Medical professionals often recommend hip replacement surgery to treat a variety of conditions, including rheumatoid arthritis, osteoarthritis, or osteonecrosis. However, before you agree to undergo hip replacement surgery, it’s important to be aware of the dangers and risks as well as the potential benefits.
The Risks of Hip Replacement
Hip replacement surgery comes with a lot of risks, and you should discuss these with your doctor if he or she is recommending a procedure. Following surgery, you may run the risk of developing blood clots in your leg, which can be life-threatening if they travel to your lungs, heart, or brain. There’s also a chance of developing an infection at your incision site, particularly if you’re immuno-compromised. There’s also the risk of your replacement hip becoming dislocated, in which case a brace or even additional surgery could be required to correct it. Loosening of an artificial hip can cause the joint to fail, which also leads to the need for additional surgery.

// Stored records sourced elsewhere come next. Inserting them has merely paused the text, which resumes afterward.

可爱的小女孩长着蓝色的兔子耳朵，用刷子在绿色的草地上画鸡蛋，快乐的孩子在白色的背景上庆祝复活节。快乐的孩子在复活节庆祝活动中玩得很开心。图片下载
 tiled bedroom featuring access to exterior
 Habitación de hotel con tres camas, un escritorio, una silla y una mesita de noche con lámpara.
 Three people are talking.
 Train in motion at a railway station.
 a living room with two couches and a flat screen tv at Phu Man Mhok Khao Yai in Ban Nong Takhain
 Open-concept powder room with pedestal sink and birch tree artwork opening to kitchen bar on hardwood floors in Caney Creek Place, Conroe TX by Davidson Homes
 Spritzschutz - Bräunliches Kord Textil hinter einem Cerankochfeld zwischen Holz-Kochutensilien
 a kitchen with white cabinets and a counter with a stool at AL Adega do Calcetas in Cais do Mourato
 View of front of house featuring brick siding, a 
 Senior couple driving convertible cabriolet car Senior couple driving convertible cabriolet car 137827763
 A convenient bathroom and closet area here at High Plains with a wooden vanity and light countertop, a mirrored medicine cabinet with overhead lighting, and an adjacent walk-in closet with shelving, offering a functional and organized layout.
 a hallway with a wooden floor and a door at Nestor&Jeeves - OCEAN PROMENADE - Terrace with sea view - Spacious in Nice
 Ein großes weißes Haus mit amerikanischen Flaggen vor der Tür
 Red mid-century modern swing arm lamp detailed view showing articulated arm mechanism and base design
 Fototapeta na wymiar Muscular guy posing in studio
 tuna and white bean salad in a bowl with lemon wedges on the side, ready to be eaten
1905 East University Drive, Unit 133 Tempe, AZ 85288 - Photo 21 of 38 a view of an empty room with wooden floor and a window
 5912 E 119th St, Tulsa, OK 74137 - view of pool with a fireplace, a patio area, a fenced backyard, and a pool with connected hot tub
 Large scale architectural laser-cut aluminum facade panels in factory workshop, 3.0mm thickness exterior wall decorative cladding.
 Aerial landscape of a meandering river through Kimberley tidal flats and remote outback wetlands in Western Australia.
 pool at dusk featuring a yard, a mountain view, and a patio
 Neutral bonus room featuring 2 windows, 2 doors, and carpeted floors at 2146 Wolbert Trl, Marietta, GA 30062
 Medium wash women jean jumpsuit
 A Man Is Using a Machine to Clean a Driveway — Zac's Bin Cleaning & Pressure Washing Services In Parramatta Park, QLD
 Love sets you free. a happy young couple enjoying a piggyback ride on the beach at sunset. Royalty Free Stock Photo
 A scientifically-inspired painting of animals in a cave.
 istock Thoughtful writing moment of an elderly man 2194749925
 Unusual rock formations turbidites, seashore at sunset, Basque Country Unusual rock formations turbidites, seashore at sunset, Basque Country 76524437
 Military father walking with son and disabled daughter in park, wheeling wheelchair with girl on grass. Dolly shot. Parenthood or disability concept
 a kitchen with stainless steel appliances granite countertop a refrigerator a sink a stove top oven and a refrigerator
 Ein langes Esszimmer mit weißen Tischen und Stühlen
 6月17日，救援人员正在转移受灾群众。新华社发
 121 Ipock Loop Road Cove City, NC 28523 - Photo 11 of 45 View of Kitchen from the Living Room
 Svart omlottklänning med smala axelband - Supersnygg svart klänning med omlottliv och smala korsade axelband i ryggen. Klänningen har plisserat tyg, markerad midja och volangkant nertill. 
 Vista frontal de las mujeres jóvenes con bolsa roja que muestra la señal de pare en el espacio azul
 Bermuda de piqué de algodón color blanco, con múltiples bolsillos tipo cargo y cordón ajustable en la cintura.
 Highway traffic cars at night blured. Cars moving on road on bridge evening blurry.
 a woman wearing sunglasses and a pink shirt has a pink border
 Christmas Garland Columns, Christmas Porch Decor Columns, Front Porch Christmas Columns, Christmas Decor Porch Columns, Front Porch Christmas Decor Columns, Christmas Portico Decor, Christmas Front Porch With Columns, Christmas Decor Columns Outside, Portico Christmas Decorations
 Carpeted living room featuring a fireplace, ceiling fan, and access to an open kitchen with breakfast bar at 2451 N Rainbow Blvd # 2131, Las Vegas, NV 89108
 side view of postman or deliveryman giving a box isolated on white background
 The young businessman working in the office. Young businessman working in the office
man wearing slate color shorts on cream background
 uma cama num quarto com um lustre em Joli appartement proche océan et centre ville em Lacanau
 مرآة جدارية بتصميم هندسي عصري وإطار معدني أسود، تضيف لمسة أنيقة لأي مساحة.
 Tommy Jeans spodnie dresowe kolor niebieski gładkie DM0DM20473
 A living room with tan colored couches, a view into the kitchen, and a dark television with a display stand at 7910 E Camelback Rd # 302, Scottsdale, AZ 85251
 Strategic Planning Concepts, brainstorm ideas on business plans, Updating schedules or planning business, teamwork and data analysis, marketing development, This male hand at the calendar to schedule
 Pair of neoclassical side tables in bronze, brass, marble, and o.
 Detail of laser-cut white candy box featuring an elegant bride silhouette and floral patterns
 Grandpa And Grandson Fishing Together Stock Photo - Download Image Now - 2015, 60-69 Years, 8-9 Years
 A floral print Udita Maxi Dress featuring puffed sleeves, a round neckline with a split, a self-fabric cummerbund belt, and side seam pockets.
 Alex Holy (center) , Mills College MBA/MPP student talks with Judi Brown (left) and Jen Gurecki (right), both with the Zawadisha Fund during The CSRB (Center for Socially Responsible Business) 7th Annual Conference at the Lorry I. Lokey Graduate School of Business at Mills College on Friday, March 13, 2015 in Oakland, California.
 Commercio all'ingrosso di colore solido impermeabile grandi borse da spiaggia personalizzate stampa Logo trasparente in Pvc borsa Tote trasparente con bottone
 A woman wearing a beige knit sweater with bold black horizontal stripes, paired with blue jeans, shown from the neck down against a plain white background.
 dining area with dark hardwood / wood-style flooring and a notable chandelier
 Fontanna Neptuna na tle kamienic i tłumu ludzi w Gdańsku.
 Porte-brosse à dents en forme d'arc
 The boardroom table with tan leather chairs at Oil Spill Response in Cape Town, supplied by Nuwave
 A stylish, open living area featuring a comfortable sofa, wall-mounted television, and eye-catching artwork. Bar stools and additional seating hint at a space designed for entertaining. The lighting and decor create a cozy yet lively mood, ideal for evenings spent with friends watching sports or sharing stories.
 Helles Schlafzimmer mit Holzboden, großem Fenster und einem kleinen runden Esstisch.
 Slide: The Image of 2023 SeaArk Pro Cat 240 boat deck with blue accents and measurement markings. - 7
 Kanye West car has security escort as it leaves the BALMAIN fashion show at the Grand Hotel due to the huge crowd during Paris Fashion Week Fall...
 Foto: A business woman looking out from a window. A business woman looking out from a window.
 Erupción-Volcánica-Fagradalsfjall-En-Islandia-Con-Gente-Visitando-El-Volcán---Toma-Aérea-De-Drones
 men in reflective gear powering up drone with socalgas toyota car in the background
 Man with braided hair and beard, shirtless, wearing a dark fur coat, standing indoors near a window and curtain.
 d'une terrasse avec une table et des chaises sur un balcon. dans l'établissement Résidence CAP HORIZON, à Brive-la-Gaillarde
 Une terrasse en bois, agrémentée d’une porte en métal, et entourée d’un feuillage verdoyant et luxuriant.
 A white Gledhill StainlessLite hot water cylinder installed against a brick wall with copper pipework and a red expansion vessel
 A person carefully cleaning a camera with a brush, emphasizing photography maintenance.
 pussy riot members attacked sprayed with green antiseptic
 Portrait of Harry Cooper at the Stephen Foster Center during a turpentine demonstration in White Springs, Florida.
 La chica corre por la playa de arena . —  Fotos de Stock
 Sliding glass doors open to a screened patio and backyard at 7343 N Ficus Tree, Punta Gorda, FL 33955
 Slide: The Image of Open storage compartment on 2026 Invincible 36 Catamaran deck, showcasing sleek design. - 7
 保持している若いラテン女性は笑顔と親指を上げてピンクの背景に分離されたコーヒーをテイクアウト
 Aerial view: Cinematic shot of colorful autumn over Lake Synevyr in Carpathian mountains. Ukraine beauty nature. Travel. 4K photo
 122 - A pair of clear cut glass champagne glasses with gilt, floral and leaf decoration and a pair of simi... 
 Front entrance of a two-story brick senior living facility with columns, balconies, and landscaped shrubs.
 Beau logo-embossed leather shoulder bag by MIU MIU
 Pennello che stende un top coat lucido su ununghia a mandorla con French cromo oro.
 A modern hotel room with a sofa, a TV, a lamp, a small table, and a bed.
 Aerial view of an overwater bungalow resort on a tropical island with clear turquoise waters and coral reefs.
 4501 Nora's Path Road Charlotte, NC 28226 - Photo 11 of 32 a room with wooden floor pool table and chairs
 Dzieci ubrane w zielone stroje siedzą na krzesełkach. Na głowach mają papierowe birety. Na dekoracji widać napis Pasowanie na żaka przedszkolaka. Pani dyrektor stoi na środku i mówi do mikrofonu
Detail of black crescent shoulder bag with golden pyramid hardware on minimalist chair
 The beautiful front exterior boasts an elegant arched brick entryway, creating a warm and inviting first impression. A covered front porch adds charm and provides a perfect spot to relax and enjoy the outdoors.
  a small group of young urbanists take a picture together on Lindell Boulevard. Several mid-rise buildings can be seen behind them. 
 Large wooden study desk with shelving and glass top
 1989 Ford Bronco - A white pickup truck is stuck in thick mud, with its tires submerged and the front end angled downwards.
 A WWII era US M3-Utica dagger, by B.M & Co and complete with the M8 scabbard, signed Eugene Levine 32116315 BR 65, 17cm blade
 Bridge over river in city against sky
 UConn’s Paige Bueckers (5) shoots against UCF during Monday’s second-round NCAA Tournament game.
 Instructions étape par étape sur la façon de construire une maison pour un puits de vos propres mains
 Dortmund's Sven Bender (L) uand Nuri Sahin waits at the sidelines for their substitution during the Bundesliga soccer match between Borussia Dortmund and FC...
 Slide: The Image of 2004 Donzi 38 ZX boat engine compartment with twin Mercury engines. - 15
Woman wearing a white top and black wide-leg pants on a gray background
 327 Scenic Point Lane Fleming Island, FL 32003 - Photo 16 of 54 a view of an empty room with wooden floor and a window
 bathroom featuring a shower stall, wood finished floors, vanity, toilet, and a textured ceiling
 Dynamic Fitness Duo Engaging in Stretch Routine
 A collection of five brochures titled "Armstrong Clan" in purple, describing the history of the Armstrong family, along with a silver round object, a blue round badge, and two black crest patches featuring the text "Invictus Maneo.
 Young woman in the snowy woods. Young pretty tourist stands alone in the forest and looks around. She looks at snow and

Data on Hip Replacement Injuries
In recent years, two major studies have raised concerns about the safety of hip replacement surgery. Metal-on-metal, or all-metal, joints seem to be the most risky. A 2012 study showed that all-metal hip replacements had a much higher five-year failure rate than ceramic or metal-on-plastic joints: 6.2% compared to 3.2% and 1.7% respectively.
Other concerns related specifically to all-metal hip replacement joints include the risk of damage to your health from cobalt and chromium these joints can release into your bloodstream.